What I was wandering is why there is no scrutiny over the constitution itself - are parts of it relevant still, could they be bettered and so on. Quick checking of the years of the enactment of the various amendments shows that after the initial flurry of activity there is some calm period for the country to settle down - but then with the changing society various amendments are enacted and we have roughly one amendment every 5-10 years after WWI until the seventies.

And then suddenly that stops for 42 (so far) years. So in times of unprecedented technological and social change there is no perception that the document itself must change.

Is the text about well regulated militia needed for security still relevant when you have professional huge standing army ?

Do we need new constitutional right in the digital era and not have to rely on the pity of SCOTUS to extend the current we have?

So basically my question is why the constitution is considered sacrosanct and perfect, and not something with flaws and shortcomings that should be fixed?

2 comments

> we have roughly one amendment every 5-10 years after WWI until the seventies.

> And then suddenly that stops for 42 (so far) years.

I missed this earlier, but you've got your facts wrong. The last ratified amendment was the 27th in 1992, or 21 years ago. The 26th was 21 years before that in 1971.

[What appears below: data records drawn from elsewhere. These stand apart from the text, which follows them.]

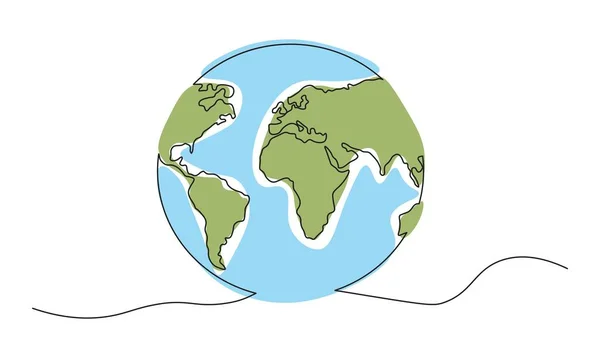 Desenho Linha Contínua Terra Globe World Mapa Desenho Linha Doodle — Vetor de Stock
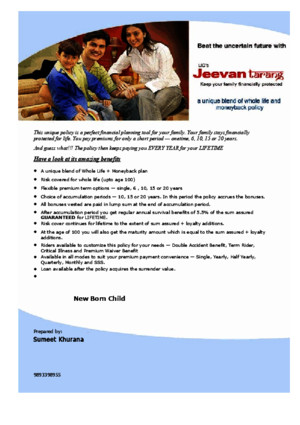Jeevan Tarang - Plan Presentation-new Born Child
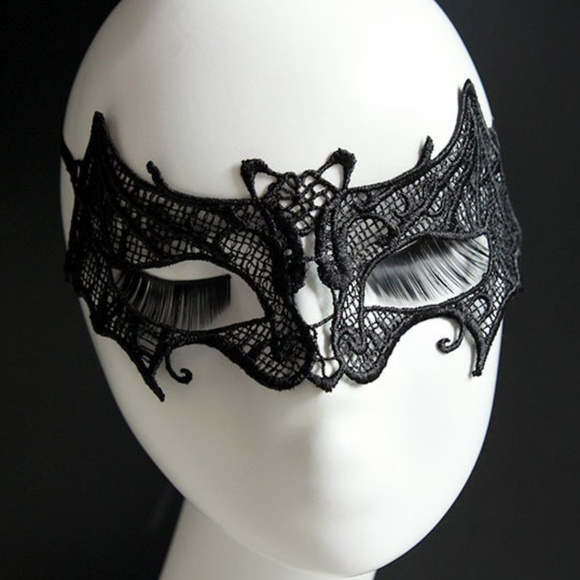 Accessories - New Black Lace BAT Mask Eye Mask Halloween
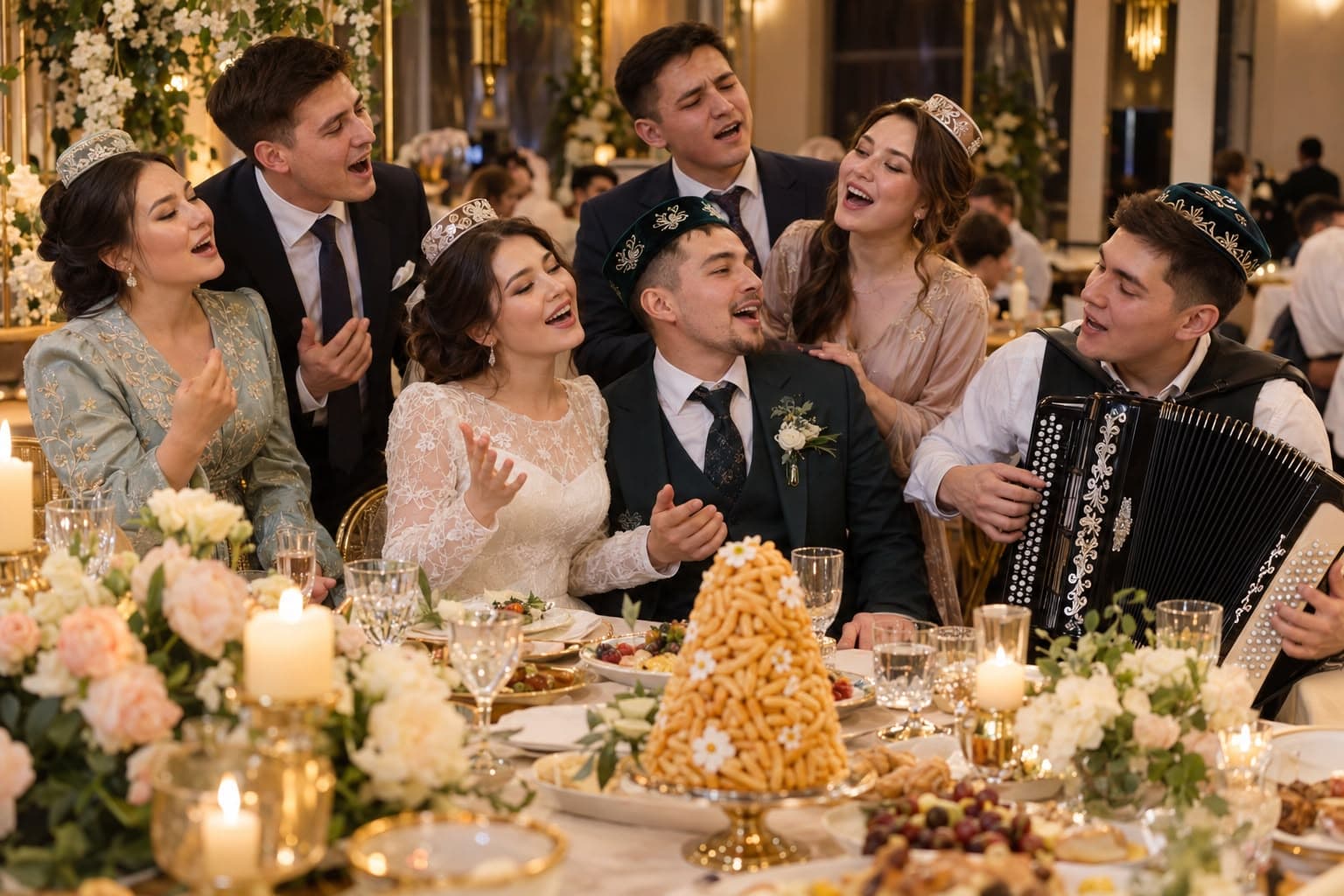 Guests in Tatar kalfak caps and embroidered skullcaps sing with the newlyweds to an accordion beside a towering chak-chak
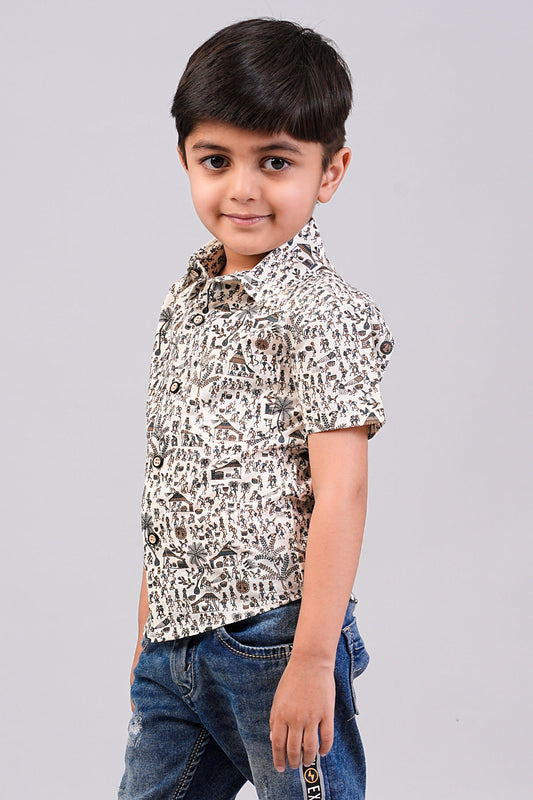 Boy's Ethnic Printed Half-Sleeves Shirts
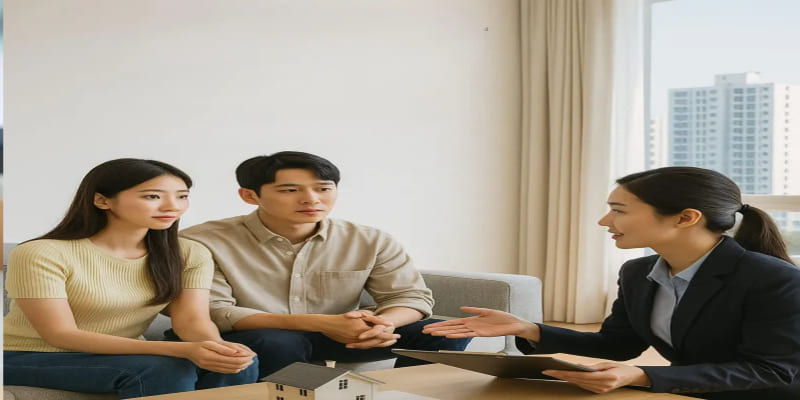 아파트를 배경으로 전세 상담을 받고 있는 청년부부와 여성 상담사의 모습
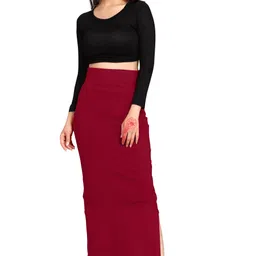 SCUBE DESIGNS Saree Shapewear Maroon Petticoat XL Lycra Blend Petticoat image 4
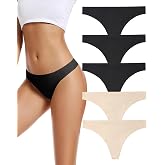 voenxe Seamless Women Underwear Thongs,No Show Ladies Workout Thong,5 Pack | Invisible Breathable Comfortable Mesh Panties,No Seam Soft Low Rise Cut Athletic Undies for Sports Gym Running Exercise Work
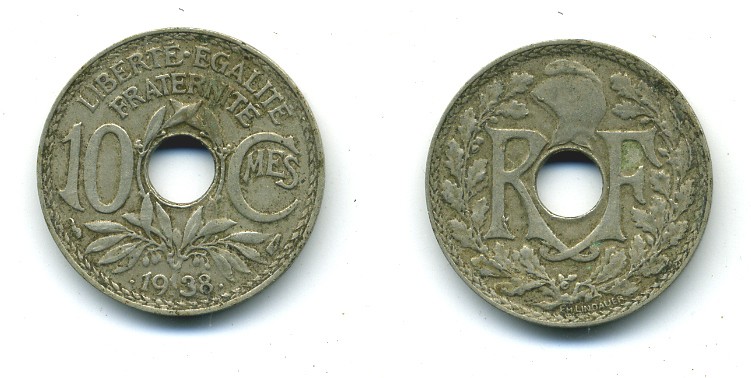 ФРАНЦИЯ 10 САНТИМОВ 1938 ТИП ЛИНДАЙЁ .1938. KM 889.1 никель бронза 84-341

> Is the text about well regulated militia needed for security still relevant when you have professional huge standing army ?

The Wikipedia page has a lovely summary of Judge Scalia (and originalist) contorting himself to pieces over it. It would be entertaining if it weren't law.

What I'm saying is that the most obvious way to change the Constitution, judicial interpretation, is circumscribed by the considerations I mentioned.

Outside of that, you'd need a Constitutional convention or a series of amendments. But nobody wants to open that can of worms. You'd be as likely to see an amendment banning abortion as one guaranteeing privacy. The equal protection clause of the 14th would be on the chopping block. People would seriously propose repealing the 13th amendment.